Cakeland – turned my kid’s drawing into an Android game
Recently my 5 year old son drew a sketch of a computer game concept he had come up with. The game would be about a cake factory, and the goal simply would be to make as many delicious cakes as possible. Here is his drawing:
Well, looking at the drawing and the nicely laid out factory workflow, I thought, “why not turn this into an actual game?” And I did. I asked him to create additional “assets”, and he happily complied:
Over the course of a couple of hours, I made a little Android game that brought my son’s vision to life. He was very excited, to say the least. He looked over my shoulder when I scanned in his drawing, dissected it into individual assets, and created the first layout. Here is what it looks like:
Here is a video of the game play:
The objective, obviously, is to produce cakes. You click on the dough dispenser at the left, get a nice dollop of dough, add milk (from the black carton – apparently my son feels that black is the ideal milk packaging color), then pick up the dough with the kneading gear, which turns it into this nice little unbaked cake:
Next, you pick it up with the shovel and put it in the oven. After a couple of seconds (320 game loop cycles, to be precise), the cake emerges and is transported to the end of the conveyor belt. At which time you score one point. Ta-dah!
Notice how he tried to replicate the cake perfectly, just with a darker texture – this is all hand-drawn, no copy and paste as in a lowly animation sweatshop!
I know, this is not a game that will keep you on the edge of your seat, but my son loved it. Mostly because it was his game, but I felt there was also something else that appealed to him. The game is extremely simple, and I expected him to get bored after a couple of minutes. Quite to the contrary, he played for an hour straight and asked for more. The game in its simplicity is an almost zen-like experience, and he seemed to like this change of pace from more conventional games.
Nevertheless, this will not hit the Google play store anytime soon, as we both are realistic about its appeal (or lack thereof) to other people.
The coding itself didn’t catch my sons’s attention, of course, but he very much enjoyed the debugging – testing, seeing what works and what doesn’t, and making small adjustments. I used the very nice libgdx game engine, which allowed us to work quickly on a desktop prototype and later turn it into an Android game. Here is a snippet of the source code from Android Studio focusing on scoring – the whole thing is basically a switch statement representing a straightforward state machine:
Overall this was a very nice experience for both of us. We had created something tangible and – to us – entertaining together, and part of the fun was that it could be done so quickly. By keeping the gameplay extremely simple, the whole development took just a couple of hours, from start to end. Even just after about an hour my son could see a first version with already some interactivity happening.

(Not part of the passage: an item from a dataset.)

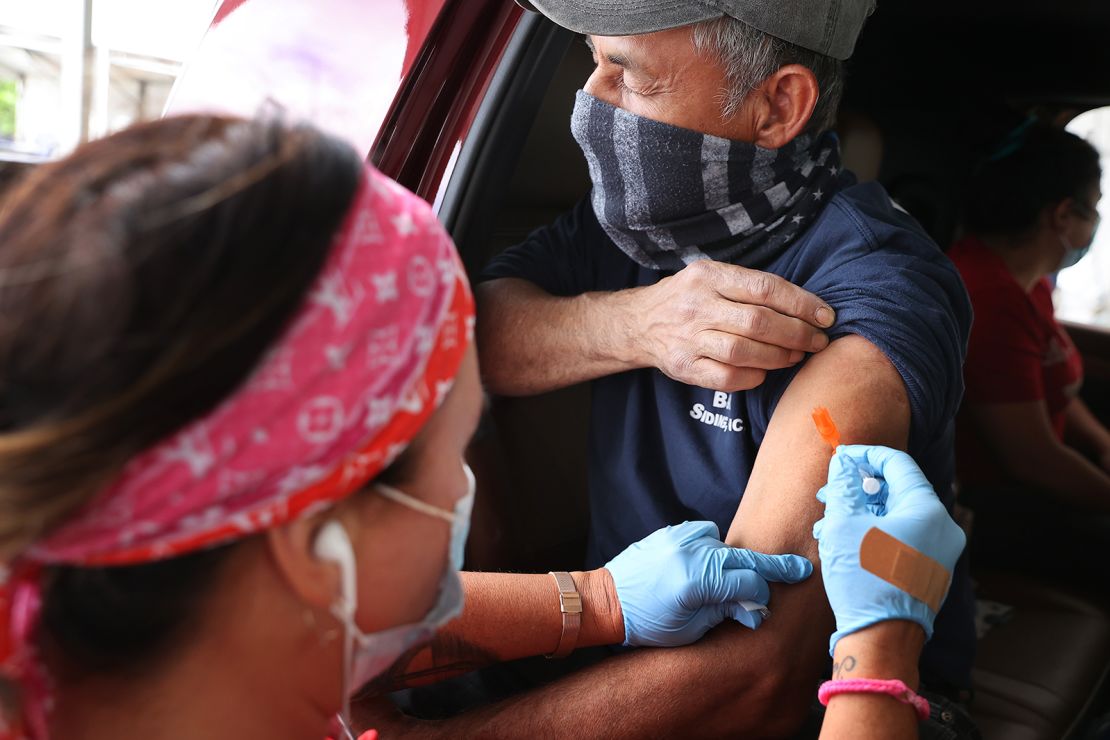 A man receives his first dose of the Pfizer vaccine in Maryland.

If you know a bit about game development and have kids, I highly recommend doing something similar with your kids. And who knows, it might even get them a bit excited about STEM fields. My son surely appreciated the behind-the-scenes look at how computer games are created. And he was quite surprised “how long it takes” – and even more so when I told him that “big games” take not just a couple of hours to make, but months and years.